◆ **What the task asks**
Somewhere below are a line with "a person in" and a later line with "closeup of some wrenches and a wrench handle". Output exactly those lines and all lines between them.

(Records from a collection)
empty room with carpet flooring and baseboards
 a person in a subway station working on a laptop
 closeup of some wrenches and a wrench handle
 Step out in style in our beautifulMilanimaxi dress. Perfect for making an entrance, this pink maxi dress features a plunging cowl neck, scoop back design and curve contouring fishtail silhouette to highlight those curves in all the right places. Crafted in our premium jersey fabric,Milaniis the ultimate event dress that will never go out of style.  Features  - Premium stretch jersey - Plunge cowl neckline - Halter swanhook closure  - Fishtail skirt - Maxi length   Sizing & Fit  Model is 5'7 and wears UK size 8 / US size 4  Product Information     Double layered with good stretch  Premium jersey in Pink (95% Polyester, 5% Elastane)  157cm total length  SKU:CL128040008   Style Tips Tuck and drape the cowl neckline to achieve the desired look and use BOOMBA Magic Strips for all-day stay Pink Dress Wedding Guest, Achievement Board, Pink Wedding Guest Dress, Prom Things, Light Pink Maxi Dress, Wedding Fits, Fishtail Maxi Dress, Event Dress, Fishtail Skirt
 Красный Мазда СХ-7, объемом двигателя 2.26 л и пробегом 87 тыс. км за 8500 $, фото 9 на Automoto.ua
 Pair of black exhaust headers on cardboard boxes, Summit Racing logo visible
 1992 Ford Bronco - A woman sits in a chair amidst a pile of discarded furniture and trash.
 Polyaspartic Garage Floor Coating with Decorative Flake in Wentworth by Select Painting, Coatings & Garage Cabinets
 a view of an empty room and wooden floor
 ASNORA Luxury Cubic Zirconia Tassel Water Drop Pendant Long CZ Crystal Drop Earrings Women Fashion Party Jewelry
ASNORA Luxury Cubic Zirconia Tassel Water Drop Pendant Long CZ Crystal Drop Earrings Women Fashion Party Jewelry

◆ **Exercise output**
 a person in a subway station working on a laptop
 closeup of some wrenches and a wrench handle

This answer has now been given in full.